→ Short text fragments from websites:
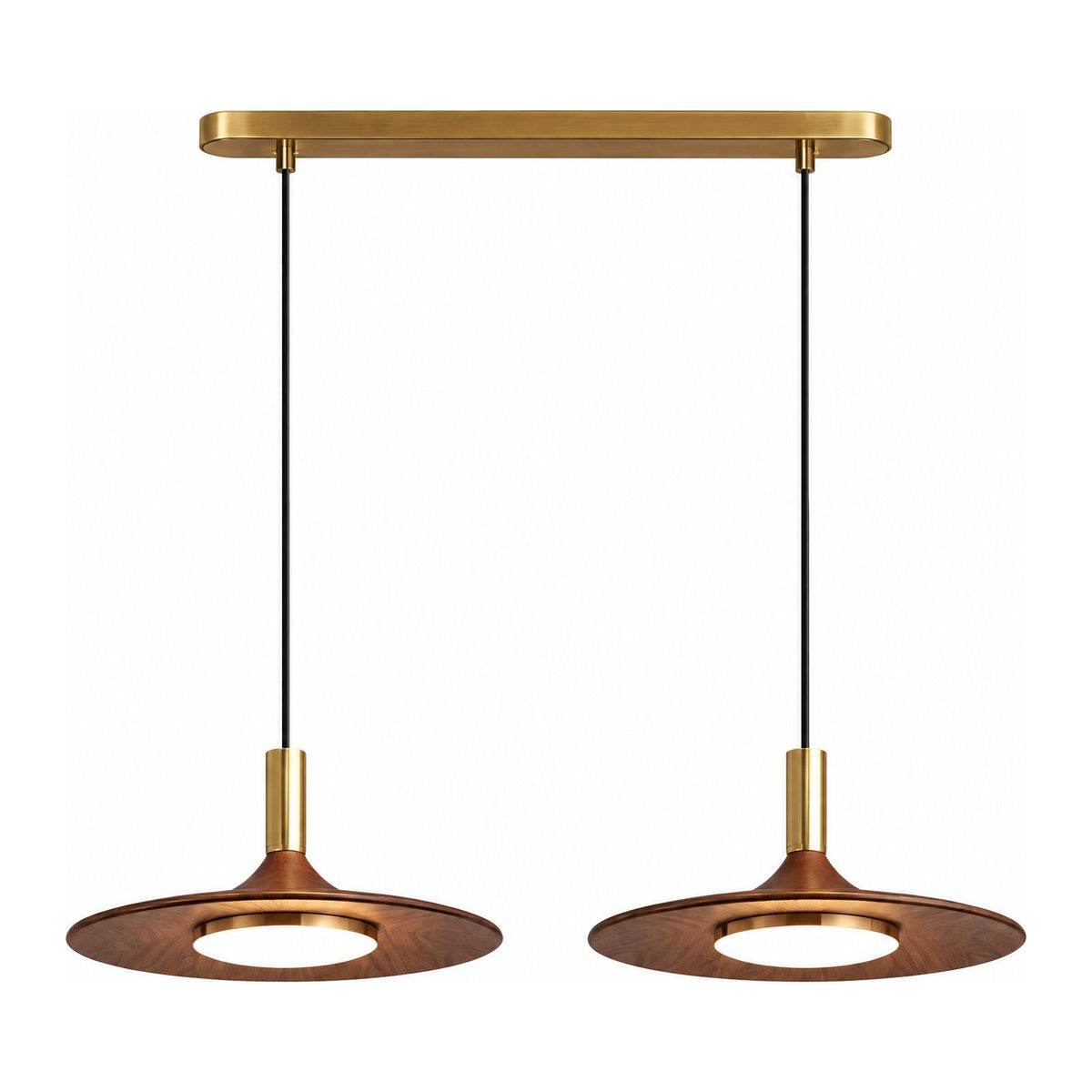 Walnut Finish Wide Brim Iron LED Pendant Light as a two-light linear bar on a white background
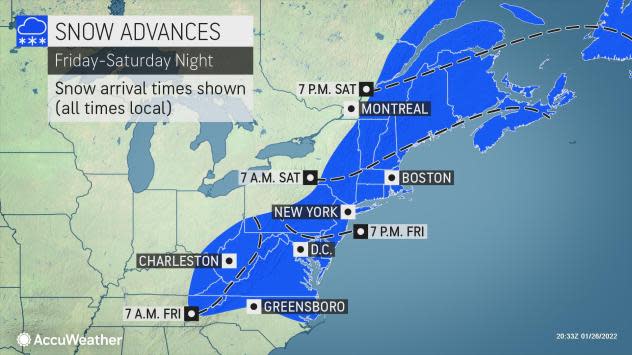 This AccuWeather map shows likely arrival times of the storm.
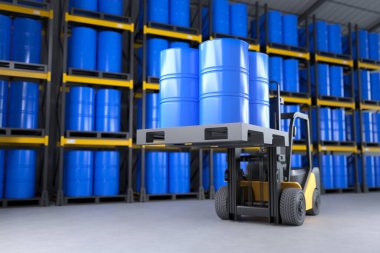 Forklift bir depodaki petrol tankını kaldırıyor. 3B illüstrasyon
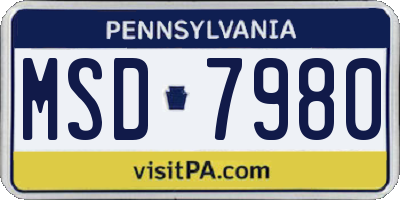 PA license plate MSD7980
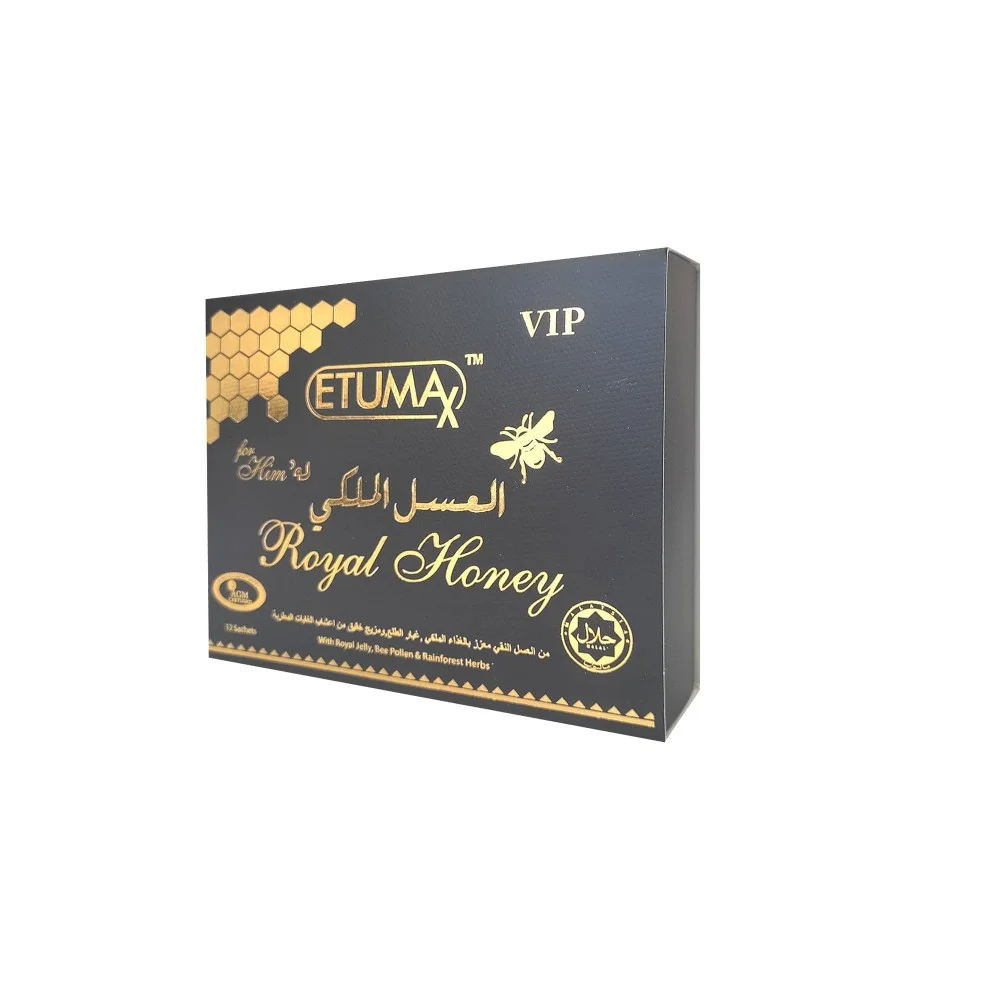 Original Etumax VIP, Malaysian Royal Honey, with Royal Jelly, Maca, Ginseng and Larva Powder, 12 Sachets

→ Activity: From the line containing "Forklift bir depodaki" to the last line of the entries, output every line exactly as written, but leave out the pictures.

→ Written answer:
 Forklift bir depodaki petrol tankını kaldırıyor. 3B illüstrasyon
 PA license plate MSD7980
 Original Etumax VIP, Malaysian Royal Honey, with Royal Jelly, Maca, Ginseng and Larva Powder, 12 Sachets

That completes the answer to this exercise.